Malave, a former nurse, has traveled the world with Fleury, setting sail on five cruises tailored to people living with HIV. Unlike her boyfriend, Malave isn’t as vocal about living with HIV in her everyday life but still considers herself an advocate. “My role has been mostly trying to stay healthy for my three daughters,” says Malave.
The couple recently took a big new step in their relationship when they adopted two rescue dogs. “They give me such unconditional love,” says Millie, “but, most importantly, I just enjoy being alive and being with my family.”
Hofmann had been writing an anonymous column for POZ (“In the Closet”) about living secretly with HIV for a few years before she became the magazine’s editor-in-chief. She came out with a splash, not just on our cover but also in the pages of Vogue, New York magazine and The New York Times. (All that was followed by her 2009 memoir, I Have Something to Tell You.)
As POZ’s first HIV-positive editor-in-chief, the stylish, horse-riding Hofmann brought new attention to the magazine during her six-year tenure, often appearing in gowns on red carpets for HIV galas for groups such as amfAR, The Foundation for AIDS Research, whose board she joined.
“Being on the cover of POZ, while initially terrifying, was the most liberating, empowering thing I have done,” she says. “I lived in emotional isolation for nearly 10 years, keeping my HIV status a secret from most people. Telling my truth publicly felt like being born again—into a huge family of people just like me.”
Currently, Hofmann is the policy officer of the Joint United Nations Programme on HIV/AIDS (UNAIDS) Liaison Office in Washington, DC, where she works with the U.S. government “to encourage continued strong bipartisan American leadership on AIDS.” She also supports UNAIDS executive leadership and country teams in their work around the world.
The former New Jersey girl now lives on a small farm outside DC with her beloved horse and her Muscovy ducks. “Which,” she points out, “I raise for eggs, not meat!”
“Things are a lot different since I did that interview,” says Coleman, when asked about the time he appeared on the cover of POZ. The article addressed the incredible difference in HIV care between San Francisco and Oakland, two California cities separated by just eight miles—and decades of racial and socioeconomic disparities.
“At that time, I was not working yet. I had just finished my associate’s degree and was just looking for something positive to give back,” he says. A survivor of not just HIV but also of homelessness, Coleman was one of many people struggling to find care who were profiled for the article.
Today, Coleman has a job assisting special-needs children in San Francisco, a post he has held proudly since 2009. “It’s my way of giving back,” says the quiet advocate, uncle and educator, who has been living with HIV since 1993. “I feel as though I’ve been given so many options as a long-term survivor. I figure sometimes that I’ve been given a chance to survive to help others.”
Shortly after Johnson, 36, appeared on the cover of POZ to protest being sent home from Ukraine by the Peace Corps because he tested HIV positive, another foreign aid organization saw the magazine and reached out to him, offering him a similar position in Lima, Peru. But in addition to that concrete outcome, “being on the cover was transformative for me,” he says.
“It elevated my activism and contributed to my resilience, because I was in a state of shock at my dismissal.” It was this resilience that led him, with the American Civil Liberties Union (ACLU) and POZ, to successfully pressure the Peace Corps to end its policy of sending members home for testing positive for the by-then easily treatable virus. (Unfortunately, that policy has recently reemerged; see Romany Tin below.)
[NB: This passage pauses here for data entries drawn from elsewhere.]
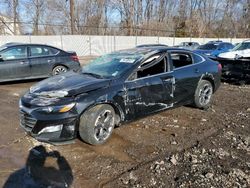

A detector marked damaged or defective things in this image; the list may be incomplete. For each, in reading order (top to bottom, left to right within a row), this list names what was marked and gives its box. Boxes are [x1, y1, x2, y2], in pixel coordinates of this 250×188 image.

damaged black car [20, 47, 222, 145] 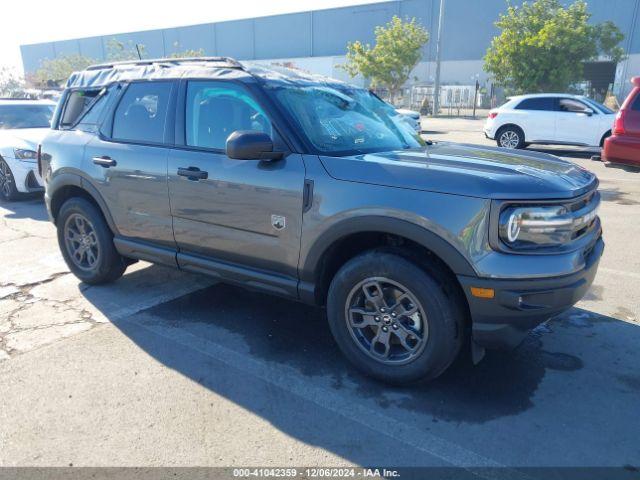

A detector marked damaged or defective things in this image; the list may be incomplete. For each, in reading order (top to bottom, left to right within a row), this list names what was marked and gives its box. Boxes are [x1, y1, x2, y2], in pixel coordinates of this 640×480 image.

cracked asphalt [0, 117, 636, 472] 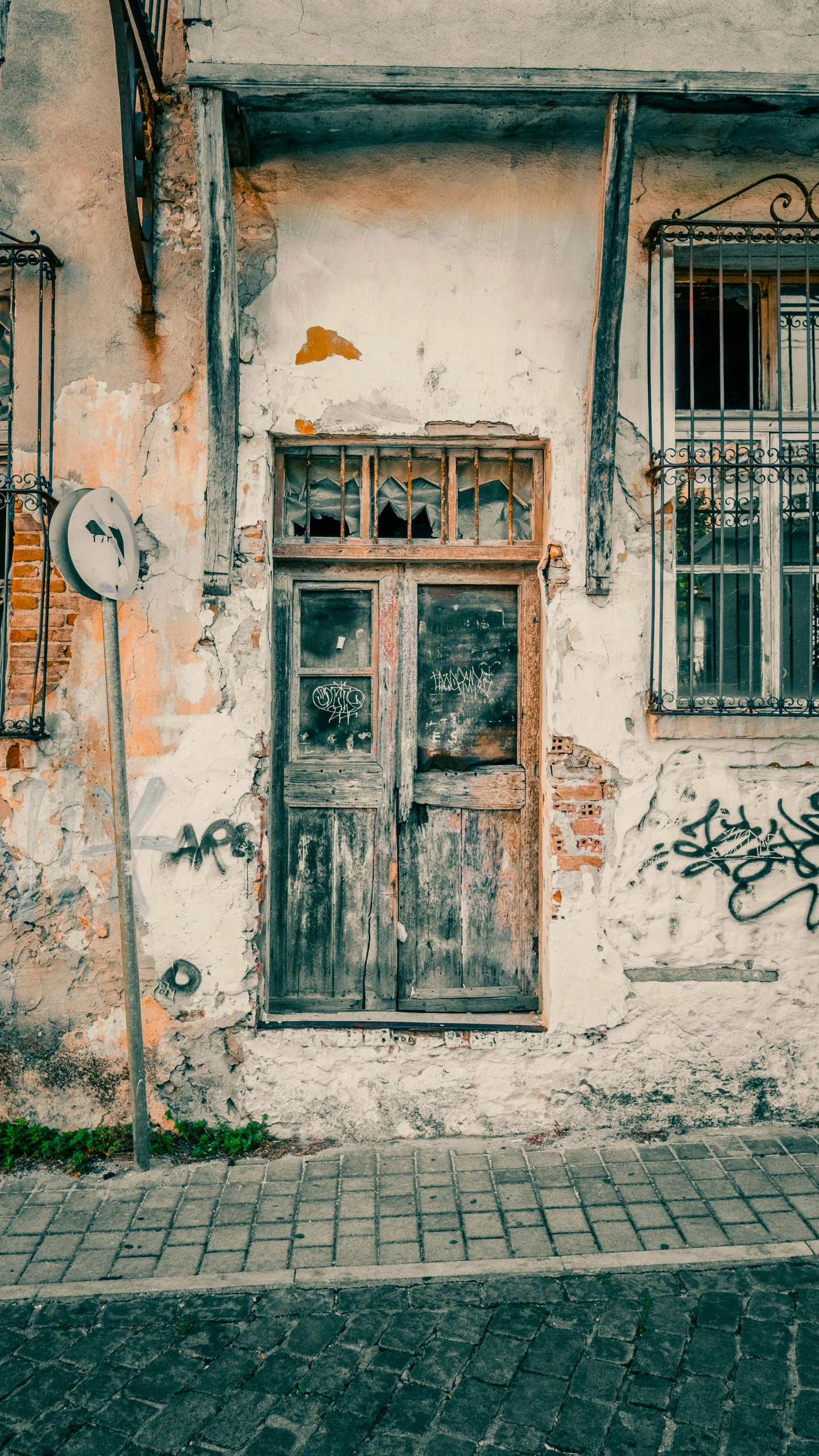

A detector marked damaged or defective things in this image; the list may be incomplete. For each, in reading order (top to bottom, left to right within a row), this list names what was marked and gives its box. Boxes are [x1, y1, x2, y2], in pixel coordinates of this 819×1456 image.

peeling plaster wall [1, 0, 819, 1136]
At the time of the cover shoot, Johnson was depressed and waiting tables back in his native Denver. But since then, he’s thrived as a person and an activist. Since 2011, he has lived in New York, where he was recently promoted to HIV project director at the venerable think tank Treatment Action Group. He also played a large role after the 2016 election in founding the ACT UP–like direct-action collective Rise and Resist, whose members have been arrested several times while protesting Trump and the policies of the right-wing 115th Congress.
He’s in a long-term relationship with dancer and massage therapist Tym Byers, who joins him for work conferences. And Johnson says much of his current activism can be traced back to that POZ cover. “With my face suddenly out there,” he says, “it helped me get around any inhibitions I had about being public and hence talk about discrimination and stigma openly.”
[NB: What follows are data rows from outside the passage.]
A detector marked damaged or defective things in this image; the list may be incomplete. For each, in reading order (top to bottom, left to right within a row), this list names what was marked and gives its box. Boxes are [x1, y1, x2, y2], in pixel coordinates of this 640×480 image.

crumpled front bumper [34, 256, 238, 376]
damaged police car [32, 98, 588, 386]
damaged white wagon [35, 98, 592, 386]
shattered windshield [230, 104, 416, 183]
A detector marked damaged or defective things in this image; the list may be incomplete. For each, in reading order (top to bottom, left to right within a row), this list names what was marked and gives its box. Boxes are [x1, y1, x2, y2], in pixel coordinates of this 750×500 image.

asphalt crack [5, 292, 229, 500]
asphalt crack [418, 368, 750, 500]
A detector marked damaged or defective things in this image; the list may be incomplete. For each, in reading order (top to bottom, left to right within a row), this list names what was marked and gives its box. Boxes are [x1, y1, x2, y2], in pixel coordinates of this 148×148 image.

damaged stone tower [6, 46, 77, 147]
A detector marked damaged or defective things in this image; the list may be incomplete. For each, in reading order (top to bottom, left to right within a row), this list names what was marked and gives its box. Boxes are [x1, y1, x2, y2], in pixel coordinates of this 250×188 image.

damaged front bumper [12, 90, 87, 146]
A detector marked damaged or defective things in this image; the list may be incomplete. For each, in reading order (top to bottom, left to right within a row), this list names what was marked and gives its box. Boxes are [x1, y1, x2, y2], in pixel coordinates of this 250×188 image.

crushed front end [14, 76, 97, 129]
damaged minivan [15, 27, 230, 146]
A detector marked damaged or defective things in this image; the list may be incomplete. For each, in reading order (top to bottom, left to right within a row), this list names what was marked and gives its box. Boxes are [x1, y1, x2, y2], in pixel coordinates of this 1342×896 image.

“To this day, 10 years later, people still remember me from the cover of POZ magazine,” says Waheedah Shabazz-El, HIV survivor, mother of three, grandmother of four and outspoken advocate in America’s Muslim, LGBT and Black communities. “I’ve had the opportunity to speak a lot since then, and I’ll still wear the same garment,” she says. “When I do that, I’m like: ‘You’re getting it all today, you know!’”
Back then, Shabazz-El was just starting to share her HIV diagnosis, which she received while in jail in 2003. She has since catapulted into a renowned advocacy career working with the likes of ACT UP Philadelphia, Positive Women’s Network–USA, Women of Color United Against Violence and HIV, CHAMP and the Philadelphia Network of Care for Prisoner Reentry in her hometown of Philly, among many others.
Today, her fight is about more than just a serostatus. “All my advocacy was around HIV,” Shabazz-El recalls. “Now, my advocacy is around human rights. Over the years, I’ve had the opportunity to see things that have increased my awareness and broadened my perspective. There are intersecting oppressions.”
Michael Emanuel Rajner
As the legislative director of the Florida Gay, Lesbian, Bisexual and Transgender Democratic Caucus, Rajner was constantly emailing POZ to feed editors tips for potential stories and to ask whether anyone on staff wanted to press presidential candidates on AIDS. That was in 2009.
“But around and leading up to 2016, I stepped away more and more from engaging with HIV/AIDS issues,” Rajner explains. “I’m now going on 25 years living with HIV, and I think that a shift has been happening. Minority communities are finally having greater opportunities to have their voices heard, and people like me have had to step back so others can step up and have that opportunity.”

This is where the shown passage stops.